Reducing GC Bias in WGS: Moving Beyond PCR

WGS technologies have seen significant progress since the completion of the Human Genome Project in 2003. First-generation Sanger Sequencers were limited by lengthy run times, high expenses, and throughputs that read only tens of kilobases per run. The arrival of second-generation sequencers in the mid-2000s brought about the plummeting of sequencing costs and run times, and increased sequencing throughput to hundreds of gigabases per run.

However, with the deepening of genomic knowledge and increasing accessibility for quick and inexpensive high-throughput WGS, the need to estimate and eliminate obstacles to obtain clean and accurate sequencing data has risen. In the genomic landscape, where a single base change against a backdrop of billions of base changes can be the difference between health and disease, the need for accuracy is paramount. Deviations of DNA sequencing data from an ideal uniform distribution of sequencing reads may creep in because of a variety of inherent biases in the sequencing technology. Key among these obstacles to accuracy in high-throughput WGS data are genomic regions with extremely low or high percentages of guanine and cytosine (GC) bases, homopolymeric regions, and coding and non-coding genomic regions with fewer than ten nucleotides repeated extensively in tandem.

PCR itself is a major source of errors in sequencing data and can skew read coverage (i.e., the number of times specific regions of the genome are sequenced in comparison to landmark reference nucleotides). Cutting-edge sequencing technology works around this issue by eliminating the need for amplification altogether. For example, the Invitrogen™ Collibri™ PCR-Free PS DNA Library Prep Kit for Illumina Systems gives a median read length of approximately 350 to 550 bps and even read coverage across genomic windows with varying GC percentages. Overall, PCR-free technology in WGS offers major advantages, including longer read lengths, higher consensus accuracy at deep sequencing coverages of 30x or greater, and evenness of coverage throughout the genome.

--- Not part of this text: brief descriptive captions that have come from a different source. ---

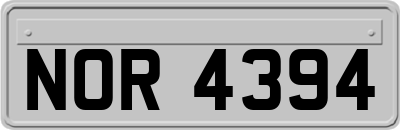 NOR4394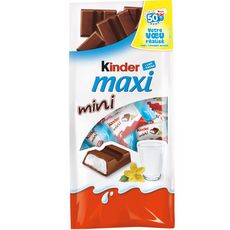KINDER Ferrero kinder maxi mini T20 -120g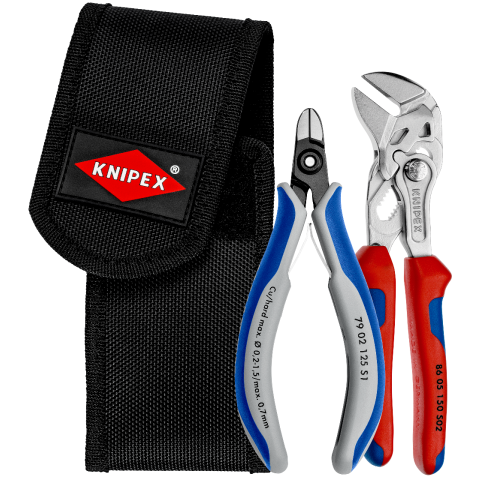 KNIPEX 00 19 72 V01 Kabelbinder-Trennset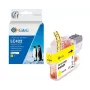 G&G Cartucho de tinta amarillo compatible para Brother LC422Y (550 páginas) 20583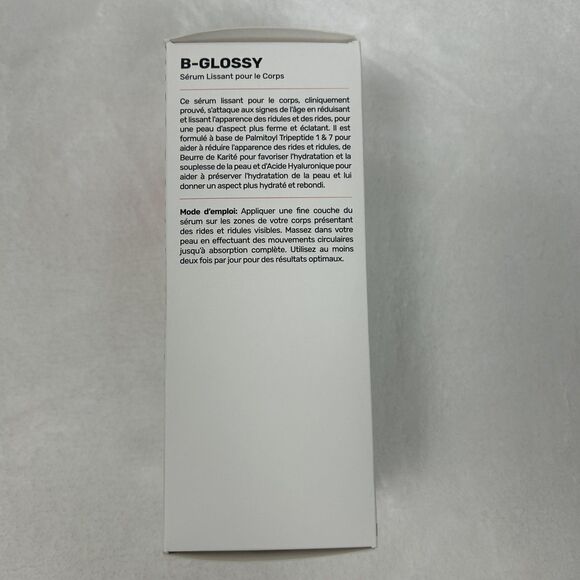 MAËLYS B-GLOSSY Smoothing Body Serum 3.4 fl oz 100 mL Made in USA Anti-Aging - Picture 3 of 6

The inclination of sequencing technologies to give low read coverage or fragment count in GC-rich regions of the genome is called GC bias. Many biologically important regions of the human genome (such as promoters and coding regions) are GC rich. Moreover, GC abundance is heterogeneously distributed throughout the genome and is frequently correlated with functionality, making it harder to distinguish a GC bias from a true biological signal. Additional confounding factors in determining GC effect include the fact that it cannot be eliminated by using larger bins, or subsets of genomic regions, and is even prevalent in sequence bins of 10kbps or greater. These difficulties in estimating and reducing GC bias demand special consideration during protocol design and quality control to maintain a high level of accuracy in WGS studies.

Reduction of GC bias is critical in removing obstacles that impair biological and biomedical applications, in improving the assembly of genomes in humans and model research organisms, and in improving coverage in biologically significant genomic hot spots. Doing so improves assemblies of human and model organism genomes without increasing sequencing depth.